Il Genoa e i genoani, in questa rete, mi son sembrati, ancora una volta, un po’ più avvantaggiati di altri.

Come ho già detto un’altra volta, il cuore, nella vita di tutti ai giorni serve a poco, anzi, nel calcolare la rotta del sopravvivere, (che è cosa altrettanto essenziale ma diversa dal vivere) spesso è un impaccio, uno scarto imprevedibile, un costo non preventivabile e non negoziabile, salto e sofferenza. Nemico della organizzazione, incompatibile con quel mondo che pretende, dice Robert Musil, che si sia tutti della dimensione giusta, né troppo lunghi né troppo corti, per poter stare, come matite, nella confezione predisposta per tutti noi.

Per tutte queste cose, certo, il cuore non è un bene.

Ma la vita e la storia non sono solo ordinaria amministrazione.

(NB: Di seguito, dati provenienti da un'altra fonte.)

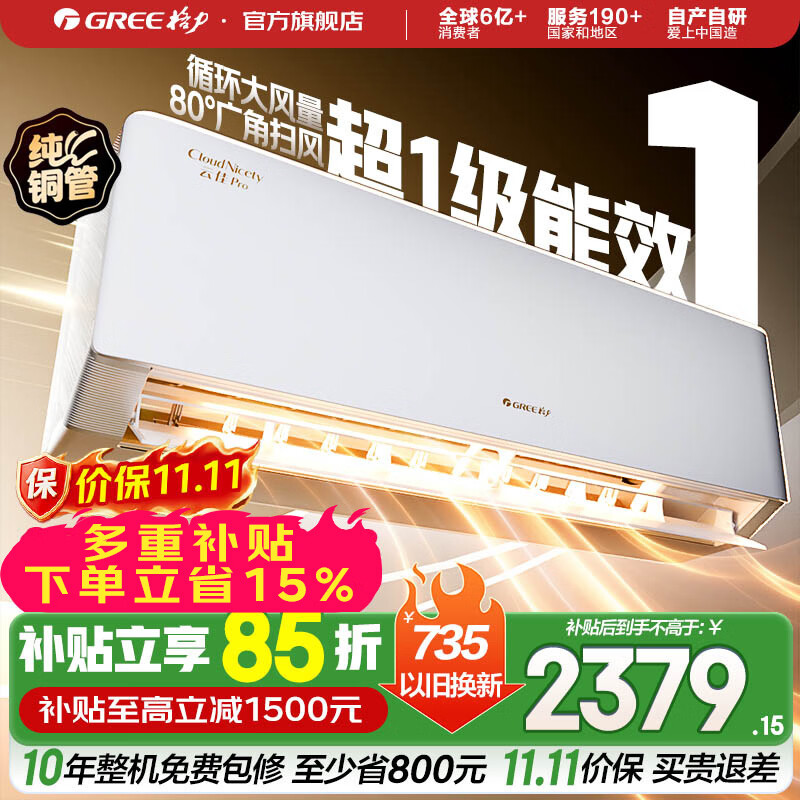 格力空调 1.5匹/大1匹 云佳Pro/云佳 新能效变频冷暖自清洁 纯铜管 壁挂式卧室空调挂机 家电补贴 云佳Pro 新一级能效 1.5匹 新品上市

Una volta ogni dieci, cento, mille anni (a ogni vittoria del Grifo, direte ), ci vuole anche qualcuno che sappia fare un salto impossibile nel vuoto, vedere nel buio o vedere cose che non ci sono, e quel salto lo sanno fare solo gli Eroi, la Luce la vedono solo i Santi e i Poeti.

E una volta ogni tanto ci si imbatte anche nella Poesia. Ed è la Poesia la nostra rivincita.

Spesso si ripete che volere e potere, ma i Genoani sono la prova pulsante di un altra verità: volare è potere.

 

 

Nota.

Questo articolo è dedicato al Signor G. del Genoa Club Verdeal, che non incontrerò più per la strada a farmi cenno che ci vuole pazienza e i tempi belli arriveranno.

E’ salito al terzo piano della Nord poco prima di Genoa Napoli, voleva evidentemente godersi lo spettacolo da lì.